Working with Vista’s new Event Viewer

Posted on January 8, 2009 by Daniel Petri in Windows Vista with 0 Comments

The Event Viewer is an application that enables you to browse and manage event logs. Event logs are special files that record significant events on your computer, such as when a user logs on to the computer or when a program encounters an error. Whenever one of these types of events occur, the system records the event in an event log that you can read by using Event Viewer. The Event Viewer is an indispensable tool for monitoring the health of systems and troubleshooting issues when they arise.

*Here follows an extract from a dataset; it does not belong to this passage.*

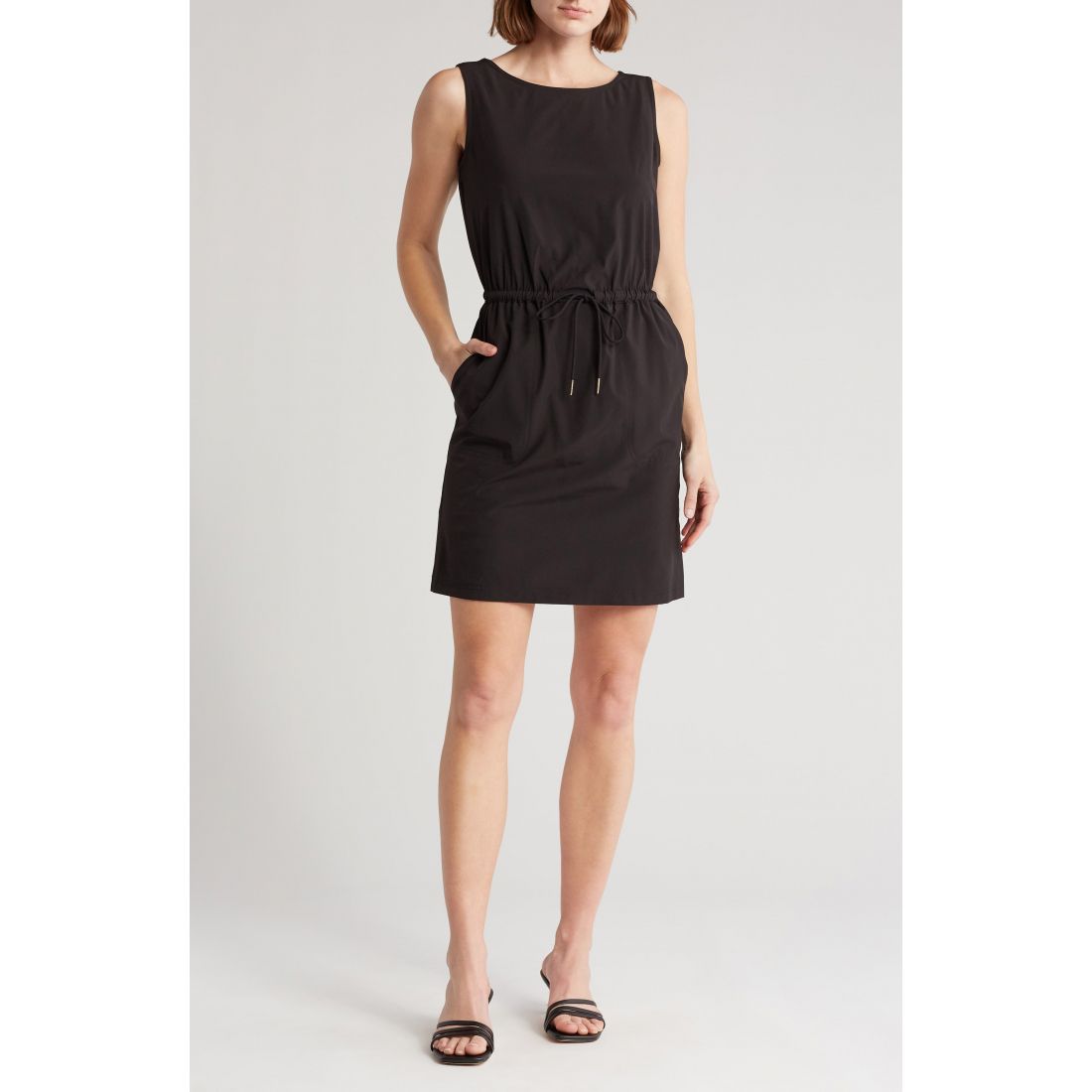 Calvin klein - Robe mini 'Commuter Drawstring' pour Femmes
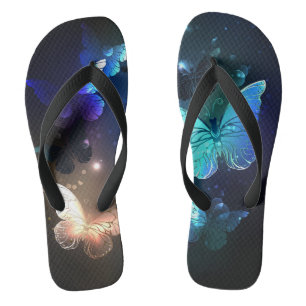 Tongs Papillon de nuit voltigeant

Event Viewer has been around since the days of Windows NT, but has not changed much, up to the arrival of Windows Vista (and Windows Server 2008). In Windows Vista, Event Viewer enables an administrator to perform the following tasks:

  • View events from multiple event logs – Unlike previous versions of Windows, in Vista, Event Viewer enables you to filter for specific events across multiple logs, which makes it easier to investigate issues and troubleshoot problems that might be logged in several logs. To specify a filter that spans multiple logs, you need to create a custom view.
  • Save useful event filters as custom views that can be reused – Filtering is useful to narrow the searching for events to just those that you are interested in. In previous operating systems, after performing the needed filter on the logs and closing Event Viewer you lost all your work because there was no way to save your filter settings. In Vista, Event Viewer allows you to create custom views. Once you have queried and sorted your way to just the events you wanted to analyze, you can save your search filters and have it available for you to reuse in the future. You can even export the view and use it on other computers or share it with other people.
  • Schedule a task to run in response to an event – With the new Vista Using Event Viewer you can automate responses to events. Event Viewer is integrated with Task Scheduler, enabling you to associate tasks to events.
  • Create and manage event subscriptions – You can collect events from remote computers and store them locally by specifying event subscriptions.

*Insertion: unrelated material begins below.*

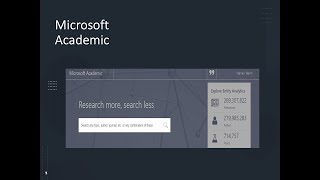 كيفية استخدام موقع و محرك البحث المتميز Microsoft academic للحصول على أحدث الأبحاث العلمية مجانا ✍✍✍ [upl. by Roede]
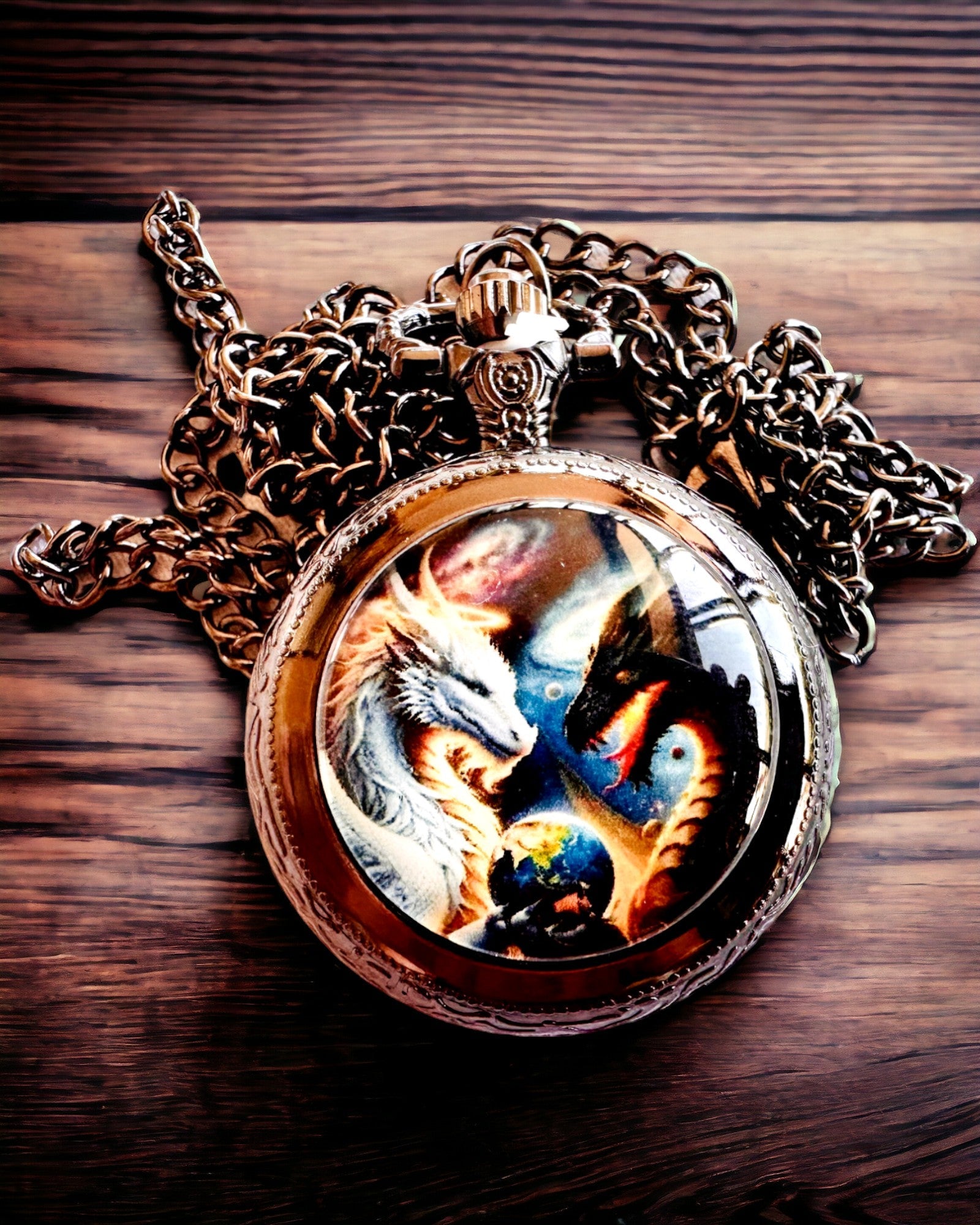 Montre de Poche à Quartz "Legendarny Wszechświat" avec Option de Gravure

Note: Windows Event Viewer is a Microsoft Management Console (MMC) snap-in that can be easily added to a custom MMC window. You can open it manually by typing eventvwr.msc in the Run command.

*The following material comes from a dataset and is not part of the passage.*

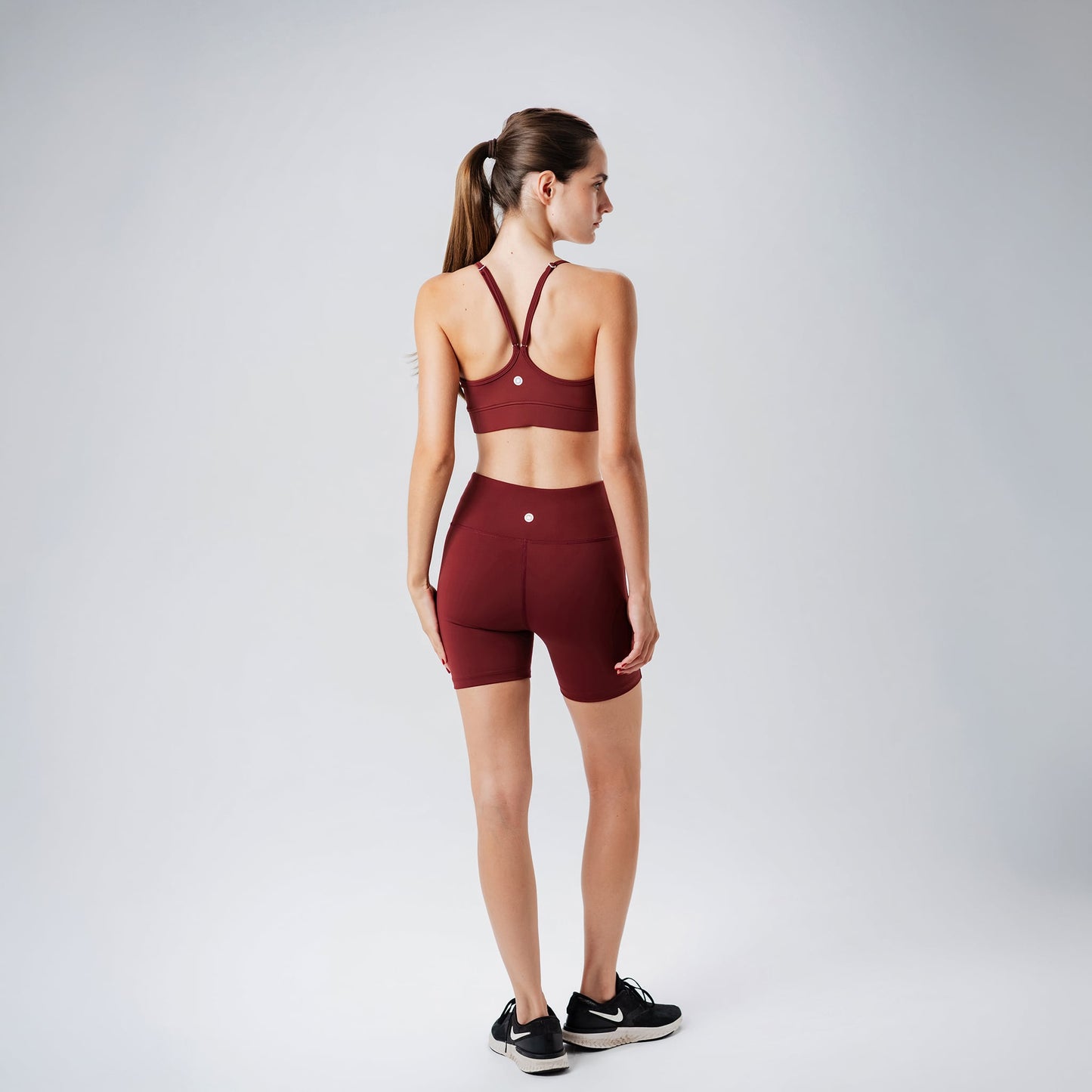 Burgundy OG Biker Shorts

Note: Along with the new Event Viewer, Vista also introduced the Reliability Monitor, a part of the Performance console found in Computer Management or as a stand-alone snap-in. Monitoring the system’s stability with the Reliability Monitor makes it easier for the administrators to visually see the stability rating for the system, and allows them to quickly see what caused the lack of stability. Read more about it in my “Using the Reliability Monitor in Windows Vista” article.

Besides re-designing the interface, the infrastructure that underlies event logging has also been re-written in Windows Vista. Information about each event conforms to an XML schema, and you can access the XML representing a given event.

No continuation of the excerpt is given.